Whatever your thoughts, you are in good company. Grant Wood might have shared them all and more. Born in 1891, he revered farm country from his childhood in Iowa, and he knew these people well. He returned to Cedar Rapids after studies in Minneapolis, starting a career in Park Ridge near Chicago, and four visits to Paris in the 1920s. It was like he never left. As a postscript, the Whitney looks at more of its holdings from those years through the eyes of Nick Mauss and "interpretive communities"—and that does not mean eastern Iowa.

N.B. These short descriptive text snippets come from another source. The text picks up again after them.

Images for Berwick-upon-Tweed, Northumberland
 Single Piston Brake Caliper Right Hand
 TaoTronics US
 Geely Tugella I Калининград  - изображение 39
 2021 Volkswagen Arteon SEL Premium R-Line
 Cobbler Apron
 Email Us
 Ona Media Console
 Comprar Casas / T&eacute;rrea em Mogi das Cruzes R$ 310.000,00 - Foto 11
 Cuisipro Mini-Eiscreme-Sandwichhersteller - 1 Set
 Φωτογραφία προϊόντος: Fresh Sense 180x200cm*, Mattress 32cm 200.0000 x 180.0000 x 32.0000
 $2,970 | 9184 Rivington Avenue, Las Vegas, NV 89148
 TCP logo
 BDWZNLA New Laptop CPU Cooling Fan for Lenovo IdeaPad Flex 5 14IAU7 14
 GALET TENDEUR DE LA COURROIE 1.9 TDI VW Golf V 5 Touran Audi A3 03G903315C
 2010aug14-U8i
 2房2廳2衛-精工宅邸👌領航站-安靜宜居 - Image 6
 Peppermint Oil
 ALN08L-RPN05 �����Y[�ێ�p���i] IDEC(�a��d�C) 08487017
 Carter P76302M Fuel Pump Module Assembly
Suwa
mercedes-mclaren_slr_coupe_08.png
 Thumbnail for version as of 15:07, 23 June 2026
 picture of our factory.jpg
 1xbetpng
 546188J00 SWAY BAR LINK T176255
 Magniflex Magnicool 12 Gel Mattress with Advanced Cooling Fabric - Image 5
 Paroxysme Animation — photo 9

Then again, it was like Grant Wood was never altogether there. The museum sees him as quite possibly a closeted gay male struggling for acceptance. It shows him breaking through with a prize winner, now in the Art Institute of Chicago, only to face lost commissions and charges of pornography. It finds him alternately enshrining, satirizing, and fearing American myths, and it dares you to decide when he did which. Its title, "American Gothic and Other Fables," is only partly a debunking. It is also about the tensions in him.
The show itself has a disturbing dual identity. A dark wall directs one forward, with the promise to put the American in Gothic. To the side, though, one can see ordinary white walls and a perfectly ordinary retrospective. You choose, and no one will blame you for choosing the straight and narrow, much like Wood. You will not, though, see his most famous painting right away. That first dark room already holds a puzzling mix.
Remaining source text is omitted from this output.